**ENTRIES PROVIDED**
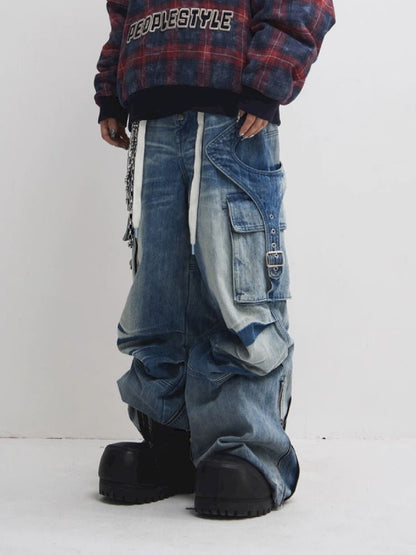 Pleated Wide Leg Jeans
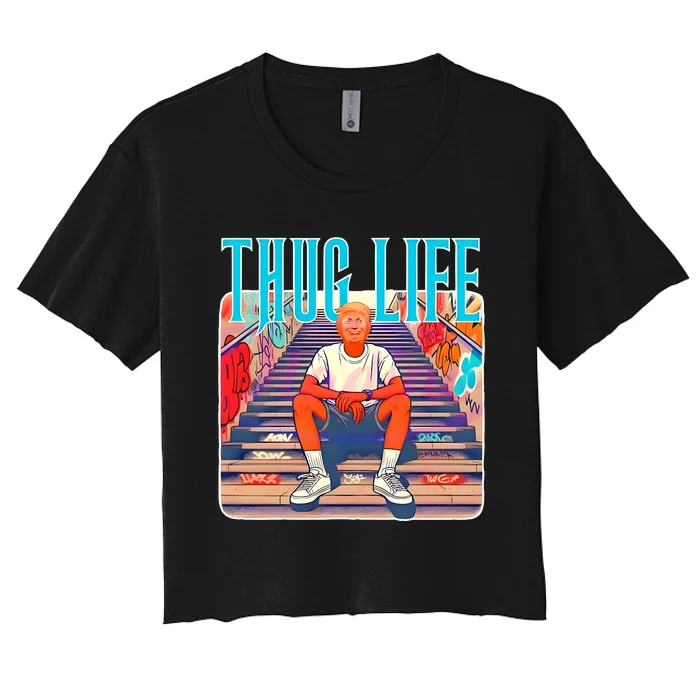 Trump Thug Life 4th Of July Women's Crop Top Tee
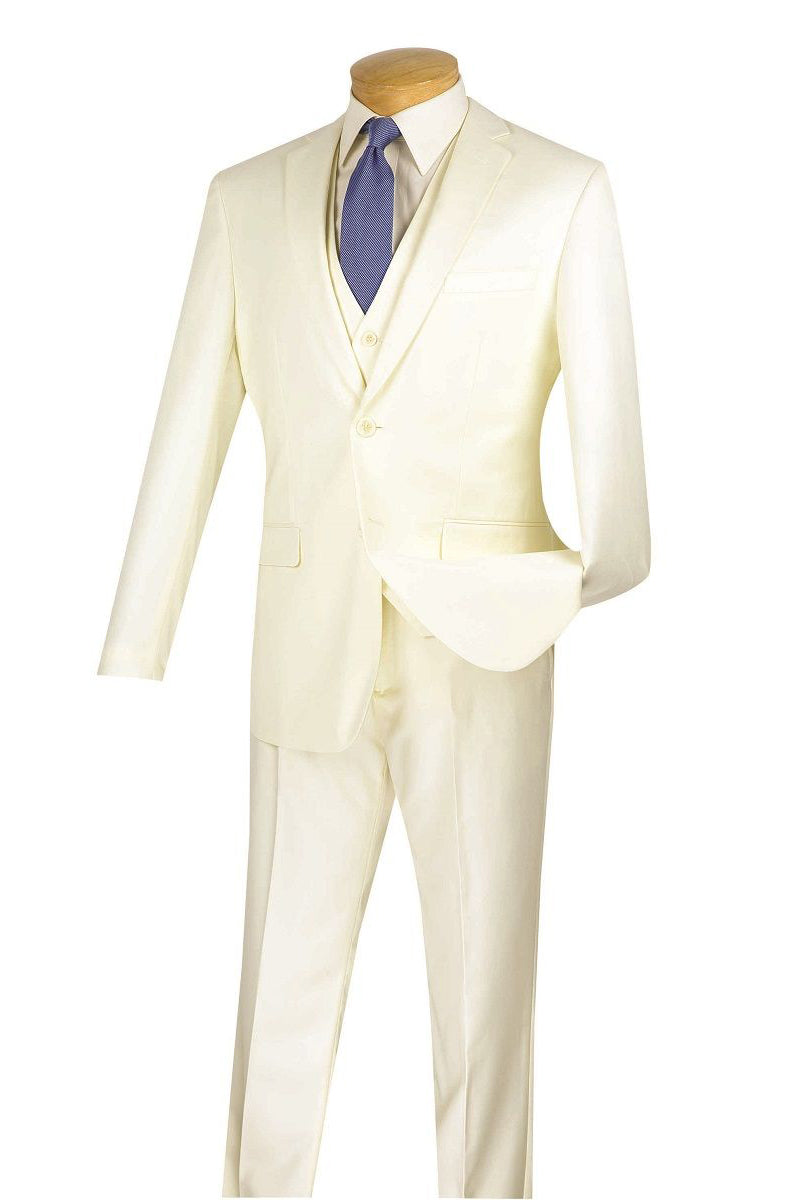 Vinci Vinci "Carmelo" Ivory Slim Fit 3-Piece Suit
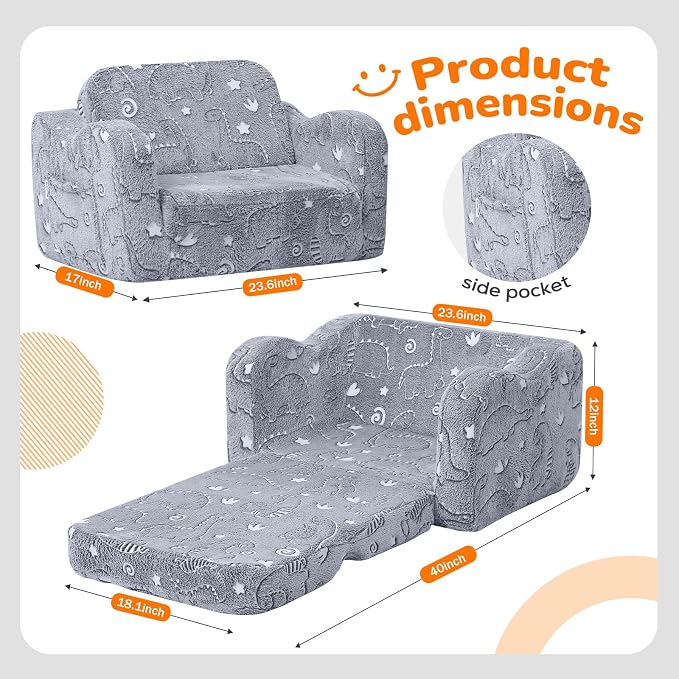 MeMoreCool Glow-in-the-Dark Dinosaur Kids Couch, 2-in-1 Foldable Kids Couch and - Image 2
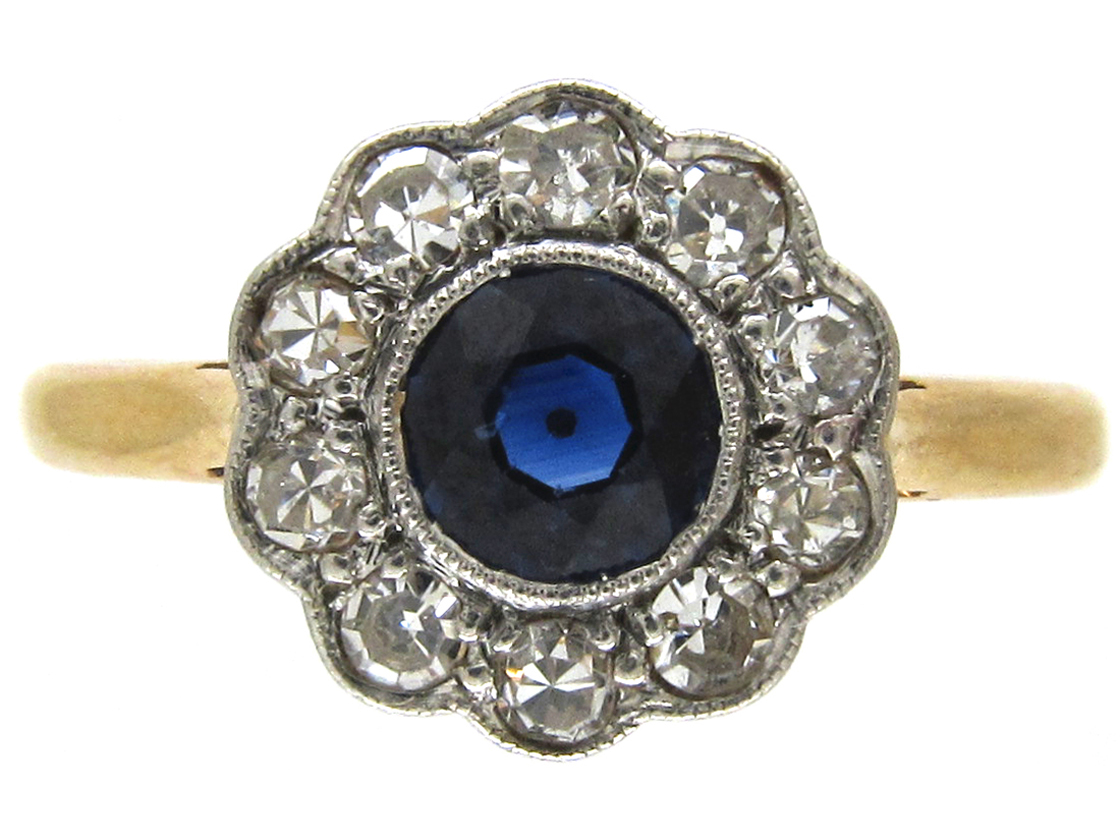 Edwardian Sapphire & Diamond Cluster Ring (631F) | The Antique ...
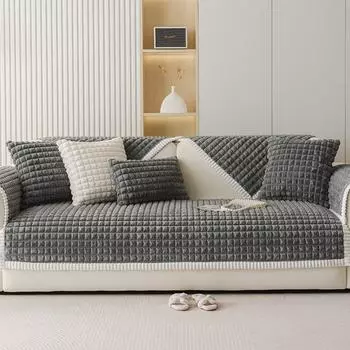 1 шт. однотонная квадратная решетчатая плюшевая противоскользящая диванная подушка, можно использовать как напольную подушку, прикроватную подушку, зимний новый стиль 70x70cm коричневый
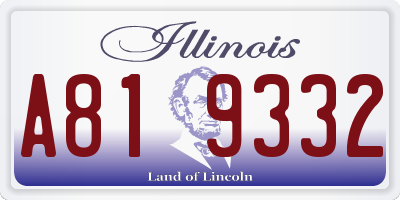 IL license plate A819332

**WHAT YOU NEED TO DO**
With the pictures left out, return all the material above exactly.

**TASK ANSWER**
 Pleated Wide Leg Jeans
 Trump Thug Life 4th Of July Women's Crop Top Tee
 Vinci Vinci "Carmelo" Ivory Slim Fit 3-Piece Suit
 MeMoreCool Glow-in-the-Dark Dinosaur Kids Couch, 2-in-1 Foldable Kids Couch and - Image 2
 Edwardian Sapphire & Diamond Cluster Ring (631F) | The Antique ...
 1 шт. однотонная квадратная решетчатая плюшевая противоскользящая диванная подушка, можно использовать как напольную подушку, прикроватную подушку, зимний новый стиль 70x70cm коричневый
 IL license plate A819332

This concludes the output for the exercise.